According to the Professional Beauty Association’s Performance Index, which surveys 700 salons and spas in the United States and is based on information such as customer flow to spas, retail sales and spa owners’ outlook on the industry and the future of their businesses, the current index rose by 0.9% during 2009, indicating that spas seem to be weathering the recession. The impact of the global economic crisis, along with hectic lifestyles and increasing urbanization, are just some of the factors behind the trend toward an increased spa demand.
Another factor in the spa market, however, is that the global traveler is scaling back on purchasing. Consumer price-sensitivity has increased, and more than ever, consumers are demanding high-quality services at more affordable prices. Moreover, consumers are forgoing all luxuries and consoling themselves with smaller spa treatments, such as facials and mini vacations at hotels with adjoining spas, as opposed to long holidays in far-flung locales.
Faced with growing competition, many hotels and key market players have identified spa facilities as a deciding factor when hotel guests choose accommodations for events or vacations. As a result, beauty industry players have begun to focus their attention on the spa industry, and further growth in this area is likely to continue.

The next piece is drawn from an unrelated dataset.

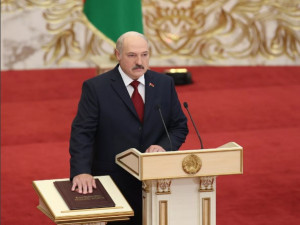 Президент РФ назвал своевременной работу над изменениями в Конституцию Белоруссии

Among affluent consumers in Asia, Thailand is gaining popularity as a spa destination, and the Middle East and Africa are also strong regions to consider in terms of health and wellness sales, with Euromonitor noting its recording of $5.6 billion in 2008. This positive performance is directly related to growth of luxury hotels and spas in countries such as Jordan, Oman and the United Arab Emirates, and Dubai is set to become the regional and global spa capital by 2010. Additionally, a population of young expatriates and the increasing stresses of modern life are likely to contribute to a boom in wellness retreats and spas.